Zijn alle acclamaties voor dit doel bruikbaar? Volgens mij niet. Er moet gekeken worden naar de tekst vooral. Eucharistie betekent: dank brengen, Gods goedheid voor ons bezingen. Daar moet de tekst bij aansluiten. Bidden om barmhartigheid en vergeving lijkt me daar niet juist. De teksten moeten iets jubelends hebben. Zo zou b.v. een halleluja-keervers goed kunnen dienen. Vooral in de paastijd. Wie in GvL kijkt onder nummers 240 tot 260 vindt er ruime keus. (Op deze plaats alleen het refrein, niet het vers zingen). Maar onze onvolprezen GvL geeft nog vele andere, naar ik vermoed nog te weinig gebruikte mogelijkheden.

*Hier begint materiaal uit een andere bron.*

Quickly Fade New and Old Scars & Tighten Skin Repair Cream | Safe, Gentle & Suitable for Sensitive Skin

Tussen 301 a en 310 e (in de nieuwe uitgave van 1996) staan maar liefst vijftien acclamaties voor onder het eucharistisch gebed vermeld. Daar moet dan wel een onderscheid gemaakt worden, want sommigen zijn bedoeld als acclamatie na de consecratie (Als wij dan eten… etc.). En die zouden eigenlijk voor dat moment bewaard moeten worden. Maar daarnaast zijn er goed bruikbare. Bij voorbeeld: 301a, 307 en 310a.

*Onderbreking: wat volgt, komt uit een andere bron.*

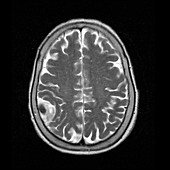 Meningioma tumour,MRI scan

En wie daarmee nog niet zijn keuze kan maken, zij gewezen op de acclamaties die staan onder de nummers 391 tot 400 b, met name 391 en 393.

En wie het onderste uit de onvolprezen (nieuwe) GVL wil halen, kan ook nog terecht bij de Psalmen. Heel geschikt zijn de beide keerverzen bij Psalm 8: Heer onze Heer… Of de drie keerverzen bij Psalm 23: De Heer is mijn herder. Ook Psalm 50 geeft een goede mogelijkheid: Dankbaarheid zij uw offer aan God… En tussen Psalm 145 en 150 is nog het een en ander te vinden.

De conclusie zal eenvoudig zijn: niemand moet nog menen dat er geen mogelijkheden zijn voor acclamaties tijdens het eucharistisch gebed. Doorbreek het alsmaar spreken met een levendige tekst en melodie. Het zal de hele viering ten goede komen. Misschien een raad: begin met een of enkele acclamaties. Laat de mensen eraan wennen. Na verloop van tijd kan men het aantal uitbreiden, en voor de sterke tijden eigen acclamaties nemen.